I’m the biggest NCAA apologist around. I openly admit it. I don’t think college players need to be paid and I may be the only person left who prefers the BCS over a playoff system. But this whole Ohio State mess has me thinking the NCAA has officially lost its mind.
Recently Terrelle Pryor and other Ohio State football players have been suspended because they traded items, like awards and rings they had won with their play on the field, for free tattoo work.
As if their suspensions aren't enough of a mess, head coach Jim Tressel is now facing further punishment because it’s come out that he knew this was going on and didn't rat himself out.
How can the NCAA defend its stance that players shouldn't be allowed to sell their awards? If the player wins the award it’s theirs, right? Do they think they should be able to control every aspect of these kid’s lives?
I don’t think scholarship college athletes are taken advantage of at all, but telling them they can’t sell items they earned fair and square is over the line.
These players are still adults with rights, rights they shouldn't be required to sign away just because they want to play college athletics. The NCAA feels like they abused their fame as college football players.
We all use our persona to get things every day, most of us just aren't as successful at it as high profile athletes. If you don’t allow the player to accept anything from anyone, even from people who aren't affiliated with the school, then you’re keeping from them the same opportunities the rest of us take for granted.
These rules were put in place to keep schools from circumventing the anti pay for play rules that were on the books for decades. If someone gives a player something of value and that affects their decision to go to a certain school, then they’re basically being paid to play there.
So I understand that a player showing up at a school and suddenly being “gifted” a brand new car or a bunch of money just can’t be allowed.

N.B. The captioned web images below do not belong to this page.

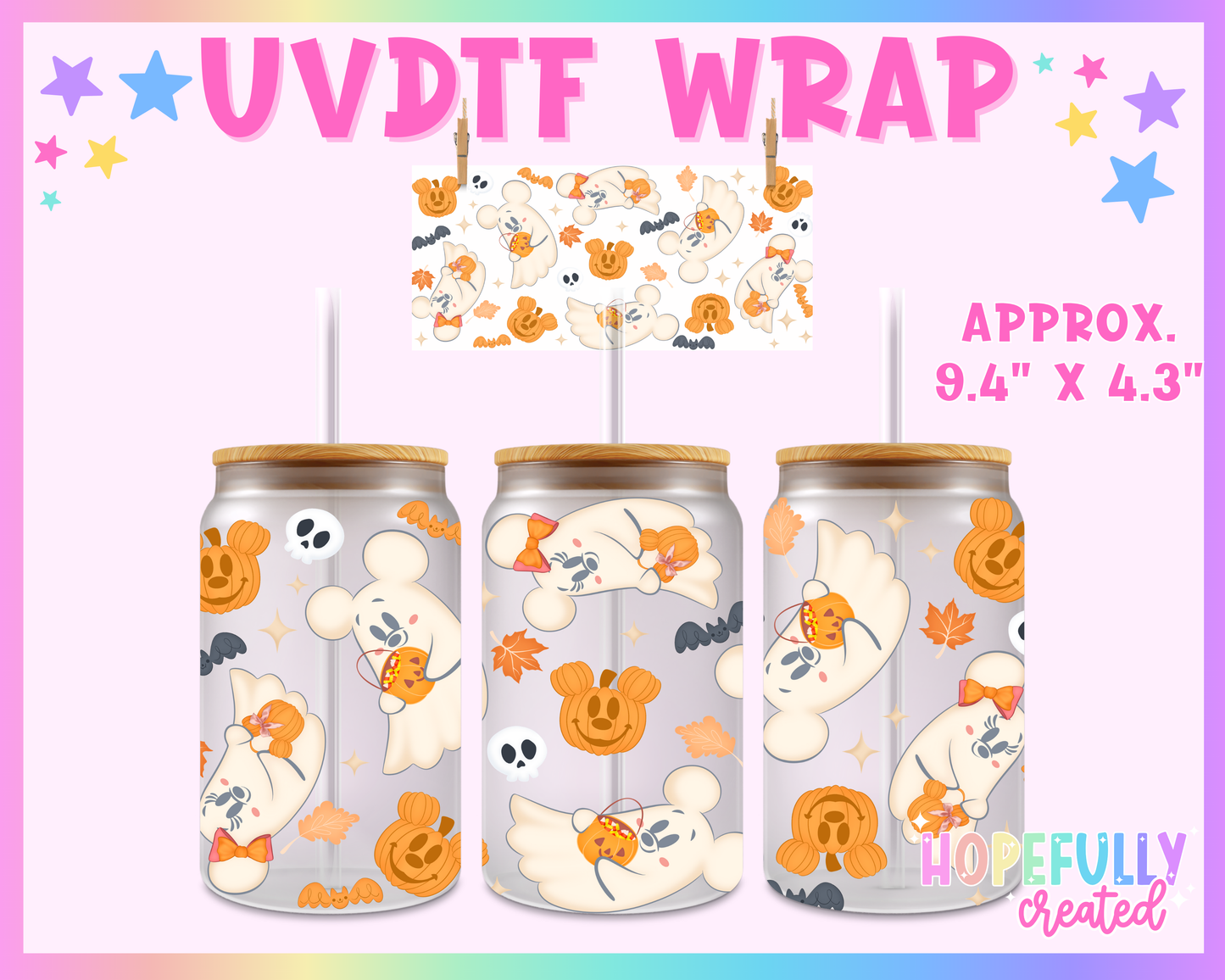 Mouse Ghosts UVDTF Glass Can Wrap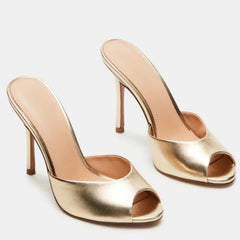 Peep Toe Stiletto Heel Mules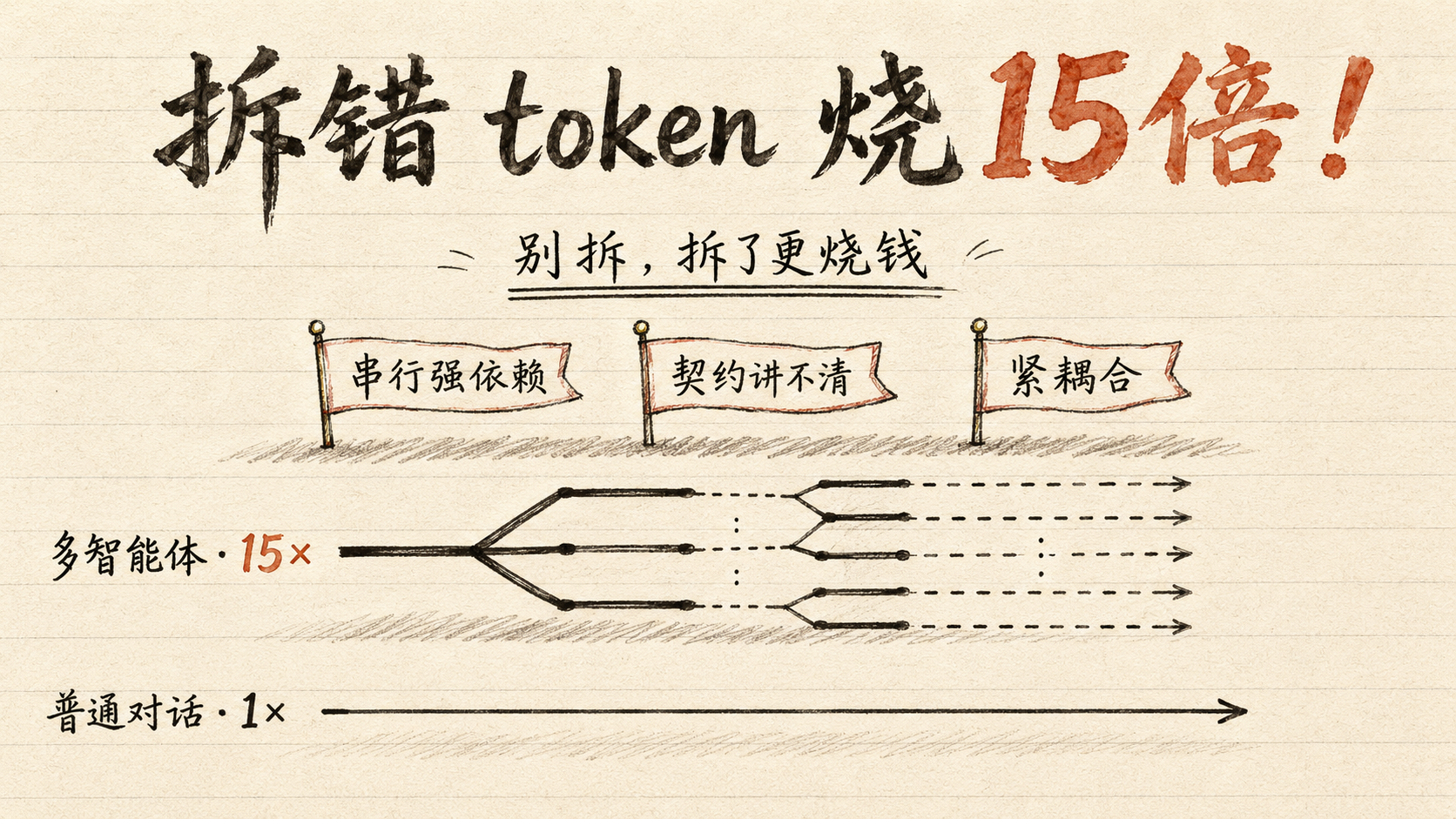 别拆三信号：串行强依赖、契约讲不清、紧耦合——拆错 token 烧 15 倍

But these situations all have one key aspect in common, there’s an understanding that the player is taking the gift in exchange for their play. In the case of Pryor and his Ohio State teammates I highly doubt they were recruited with the promise of free tattoos.

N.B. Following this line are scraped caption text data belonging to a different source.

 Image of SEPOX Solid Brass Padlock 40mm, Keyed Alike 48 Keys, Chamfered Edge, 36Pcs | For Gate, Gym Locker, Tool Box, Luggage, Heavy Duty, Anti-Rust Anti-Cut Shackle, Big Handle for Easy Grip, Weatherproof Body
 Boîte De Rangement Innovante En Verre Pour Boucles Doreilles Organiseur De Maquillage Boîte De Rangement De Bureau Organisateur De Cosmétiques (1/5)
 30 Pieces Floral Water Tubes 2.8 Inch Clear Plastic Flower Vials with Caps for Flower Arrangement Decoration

The NCAA needs to just use some common sense, something that large operations like them don’t do easily. If your job is to be an investigator for the NCAA then using your common sense is taking the hard route. The easy way out is to hide behind the letter of the law instead of the intent of the law.
By taking allowing their investigators to take a step back and use a little basic judgment then we could avoid ruining our college sports by penalizing athletes for things like trading a trophy or two for a few tats. Punishing teams, players and fans for things like this is just ridiculous.

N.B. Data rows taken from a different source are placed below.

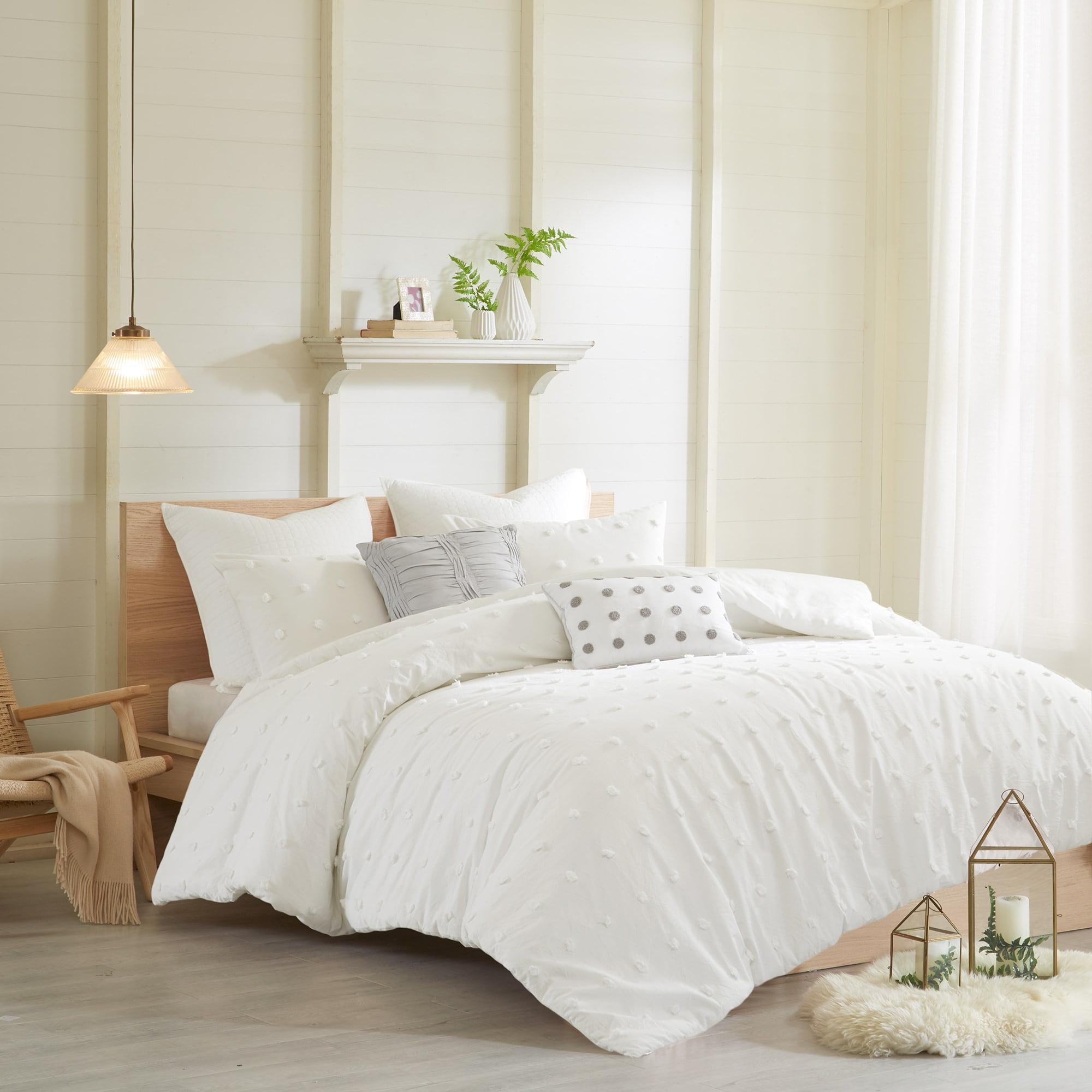 Intelligent Design Brooklyn Cotton Jacquard Duvet Cover Set with Euro Shams and Throw Pillows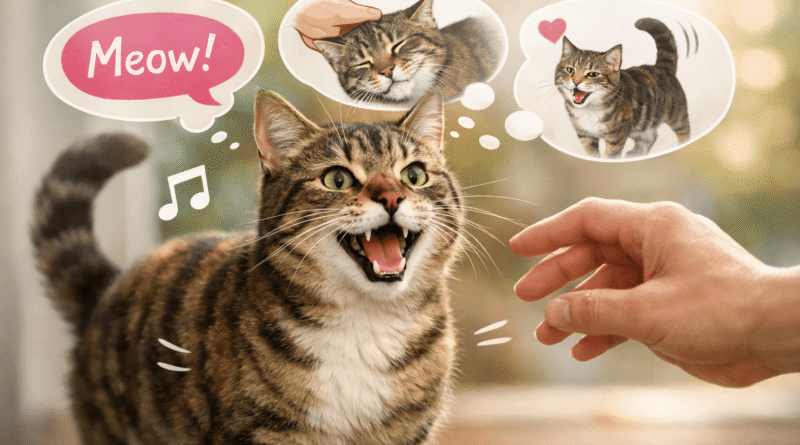 Friendly tabby cat meowing at a human hand, showing how cats say hi using vocal communication and body language.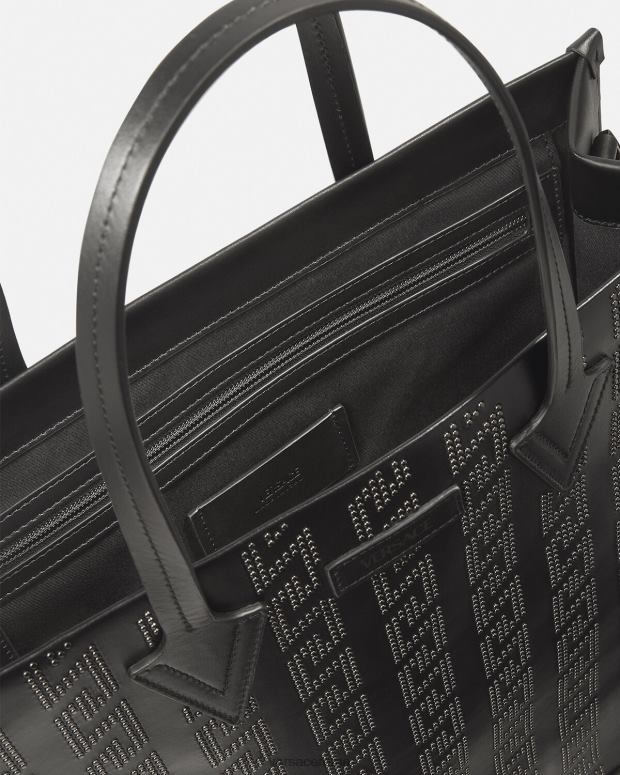 esso Versace uomini Borsa tote alta Greca con borchie nero JT08Z1489 borse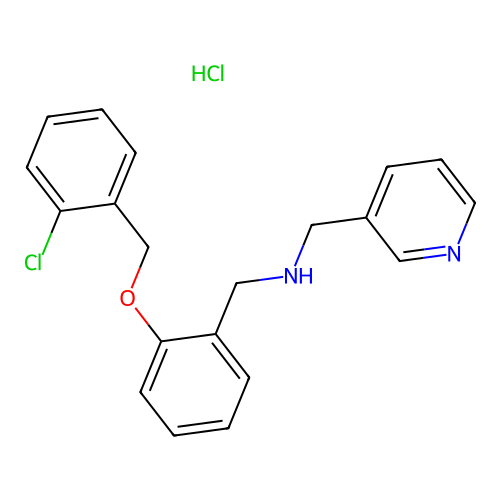 N-(2-((2-chlorobenzyl)oxy)benzyl)-1-(pyridin-3-yl)methanamine hydrochloride structure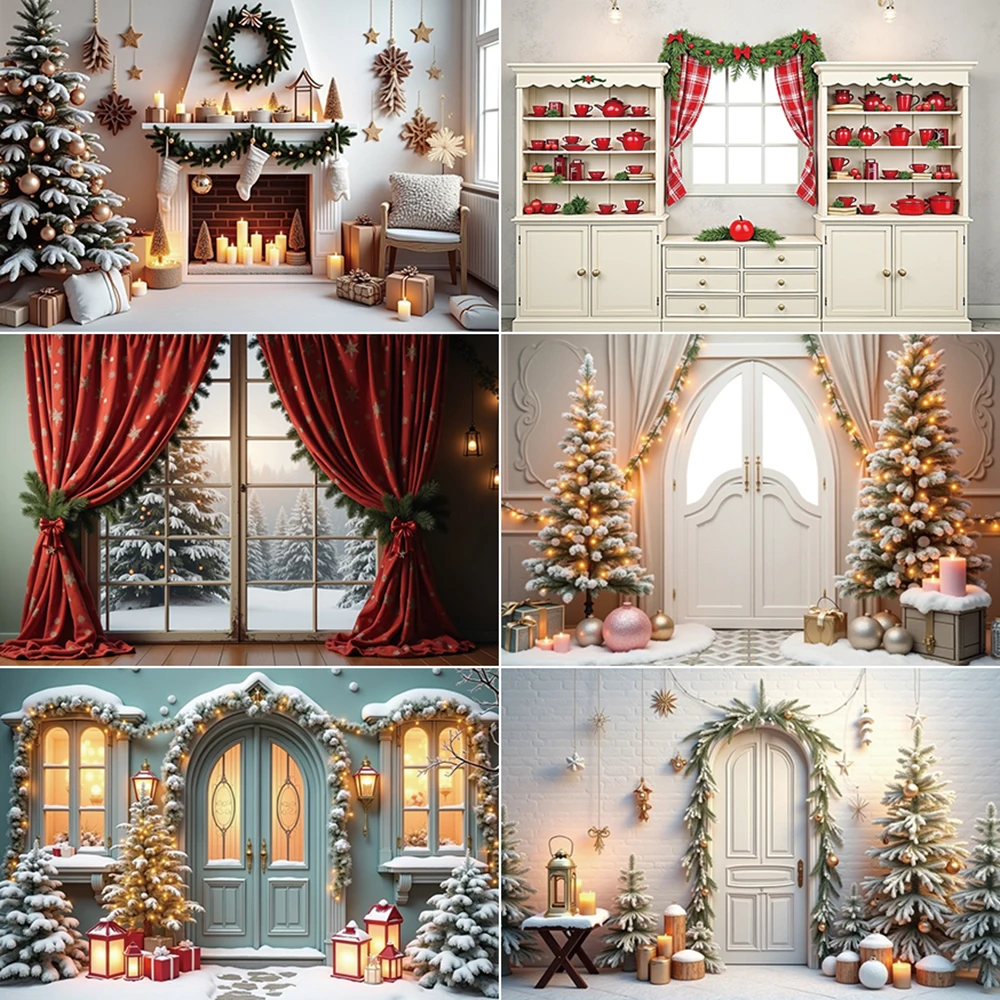 MOON.QG 2024 Christmas Photography Backdrop Big Xmas Tree New Year Background Home Decoration Photo Studio Photocall Accessories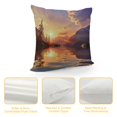 thumbnail image 4 of Shiartex Sunset Lake Mountains Modern Rustic Decorative Couch Pillow Cases Home Decor 1PC 12x12in, 4 of 5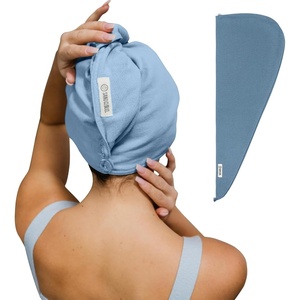 Sand Cloud Hair Towel Wrap for Women & Men, (Sand, Classic) – 100% Turkish Cotton Quick Hair Drying Towel Wrap – Absorbent Half Terry Weave Hair Plop Head Towel Wrap with Binding Edge(Slate Blue)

And the punishment the NCAA is most likely to enforce is the most ridiculous part. At this point it looks like they might very well end up vacating wins from last year.
Could there be a more pointless exercise than trying to pretend the games we all saw Ohio State play they didn't really win? What is that about? The NCAA thinks it can change history now?
Ohio State won those games, the tapes are out there and nothing the NCAA says can change that. If they really want to affect the behavior of players they need to focus on punishing teams going forward, not wasting their time on trying to convince everyone they can time travel.
It’s like hiding something in your hand behind your back, everyone still knows it’s there and you just look stupid.
The NCAA gets a lot of things right, most of which they don’t get enough credit for, but this is one time they’re making all the wrong moves. If they would just take a step back, look at the situation realistically and honestly they will see that it is simply an example of a couple of kids using what they have lying around their dorm rooms to get some ink.
Usually that means selling some used stuff on Craigslist. In the case of high profile college athletes it means trophies and rings. I don’t see the big deal.